--- Problem to work on ---
Please take the entries below from the first line through the line containing "Bratara dama cu" and repeat them exactly, leaving out everything after.

Data for processing START

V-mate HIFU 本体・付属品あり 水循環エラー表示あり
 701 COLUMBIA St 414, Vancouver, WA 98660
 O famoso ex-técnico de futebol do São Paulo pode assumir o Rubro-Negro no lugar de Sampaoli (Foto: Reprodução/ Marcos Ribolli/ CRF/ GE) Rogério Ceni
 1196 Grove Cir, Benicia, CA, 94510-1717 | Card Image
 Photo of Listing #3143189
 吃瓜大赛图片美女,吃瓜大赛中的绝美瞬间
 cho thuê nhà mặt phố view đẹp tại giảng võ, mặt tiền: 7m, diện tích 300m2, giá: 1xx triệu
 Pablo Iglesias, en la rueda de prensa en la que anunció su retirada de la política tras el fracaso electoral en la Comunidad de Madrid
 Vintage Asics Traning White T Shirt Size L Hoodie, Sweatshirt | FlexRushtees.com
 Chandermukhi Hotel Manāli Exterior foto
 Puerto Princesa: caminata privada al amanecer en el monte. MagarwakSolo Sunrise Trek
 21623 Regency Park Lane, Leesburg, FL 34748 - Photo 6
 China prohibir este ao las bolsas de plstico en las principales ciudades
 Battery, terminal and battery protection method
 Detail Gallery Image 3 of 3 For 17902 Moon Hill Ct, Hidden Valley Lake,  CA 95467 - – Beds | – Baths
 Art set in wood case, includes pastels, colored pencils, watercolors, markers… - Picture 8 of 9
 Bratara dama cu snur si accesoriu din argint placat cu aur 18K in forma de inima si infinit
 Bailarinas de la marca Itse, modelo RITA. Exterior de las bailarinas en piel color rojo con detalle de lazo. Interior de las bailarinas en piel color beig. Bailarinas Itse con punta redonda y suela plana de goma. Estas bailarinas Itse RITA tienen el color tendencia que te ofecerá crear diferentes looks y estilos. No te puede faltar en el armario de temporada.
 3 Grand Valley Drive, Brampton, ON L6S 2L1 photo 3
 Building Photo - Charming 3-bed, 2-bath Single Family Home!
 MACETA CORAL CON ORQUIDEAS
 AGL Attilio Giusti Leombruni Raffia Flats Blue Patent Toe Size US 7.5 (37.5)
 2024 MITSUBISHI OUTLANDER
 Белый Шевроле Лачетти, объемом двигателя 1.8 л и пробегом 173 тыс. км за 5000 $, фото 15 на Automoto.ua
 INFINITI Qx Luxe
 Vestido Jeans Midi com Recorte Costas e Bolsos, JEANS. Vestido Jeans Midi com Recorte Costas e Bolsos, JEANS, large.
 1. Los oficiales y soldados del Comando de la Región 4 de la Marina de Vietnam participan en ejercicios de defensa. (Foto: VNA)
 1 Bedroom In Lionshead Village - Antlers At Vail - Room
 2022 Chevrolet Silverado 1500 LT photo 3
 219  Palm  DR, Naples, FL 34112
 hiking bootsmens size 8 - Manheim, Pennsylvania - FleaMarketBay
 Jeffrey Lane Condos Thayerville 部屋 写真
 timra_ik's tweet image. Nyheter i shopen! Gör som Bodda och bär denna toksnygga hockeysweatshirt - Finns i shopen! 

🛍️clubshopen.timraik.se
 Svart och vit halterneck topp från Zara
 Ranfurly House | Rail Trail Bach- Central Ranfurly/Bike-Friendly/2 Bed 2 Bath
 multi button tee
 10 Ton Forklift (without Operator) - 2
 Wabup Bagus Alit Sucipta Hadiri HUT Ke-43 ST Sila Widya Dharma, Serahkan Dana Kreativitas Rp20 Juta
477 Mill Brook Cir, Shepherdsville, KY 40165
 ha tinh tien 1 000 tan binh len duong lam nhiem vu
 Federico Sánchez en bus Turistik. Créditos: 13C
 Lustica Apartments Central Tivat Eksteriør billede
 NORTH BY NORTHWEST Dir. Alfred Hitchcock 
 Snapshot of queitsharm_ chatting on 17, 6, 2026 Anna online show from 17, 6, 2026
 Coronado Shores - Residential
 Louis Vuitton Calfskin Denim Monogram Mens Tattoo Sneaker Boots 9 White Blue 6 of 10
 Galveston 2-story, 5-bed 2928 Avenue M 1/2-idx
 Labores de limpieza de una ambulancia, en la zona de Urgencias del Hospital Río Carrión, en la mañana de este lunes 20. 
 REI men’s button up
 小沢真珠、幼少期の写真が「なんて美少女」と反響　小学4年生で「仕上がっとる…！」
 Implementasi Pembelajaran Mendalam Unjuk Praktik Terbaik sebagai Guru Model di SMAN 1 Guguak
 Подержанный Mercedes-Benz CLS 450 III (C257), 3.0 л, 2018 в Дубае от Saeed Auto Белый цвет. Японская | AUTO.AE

Data for processing END

--- Output of the exercise ---
V-mate HIFU 本体・付属品あり 水循環エラー表示あり
 701 COLUMBIA St 414, Vancouver, WA 98660
 O famoso ex-técnico de futebol do São Paulo pode assumir o Rubro-Negro no lugar de Sampaoli (Foto: Reprodução/ Marcos Ribolli/ CRF/ GE) Rogério Ceni
 1196 Grove Cir, Benicia, CA, 94510-1717 | Card Image
 Photo of Listing #3143189
 吃瓜大赛图片美女,吃瓜大赛中的绝美瞬间
 cho thuê nhà mặt phố view đẹp tại giảng võ, mặt tiền: 7m, diện tích 300m2, giá: 1xx triệu
 Pablo Iglesias, en la rueda de prensa en la que anunció su retirada de la política tras el fracaso electoral en la Comunidad de Madrid
 Vintage Asics Traning White T Shirt Size L Hoodie, Sweatshirt | FlexRushtees.com
 Chandermukhi Hotel Manāli Exterior foto
 Puerto Princesa: caminata privada al amanecer en el monte. MagarwakSolo Sunrise Trek
 21623 Regency Park Lane, Leesburg, FL 34748 - Photo 6
 China prohibir este ao las bolsas de plstico en las principales ciudades
 Battery, terminal and battery protection method
 Detail Gallery Image 3 of 3 For 17902 Moon Hill Ct, Hidden Valley Lake,  CA 95467 - – Beds | – Baths
 Art set in wood case, includes pastels, colored pencils, watercolors, markers… - Picture 8 of 9
 Bratara dama cu snur si accesoriu din argint placat cu aur 18K in forma de inima si infinit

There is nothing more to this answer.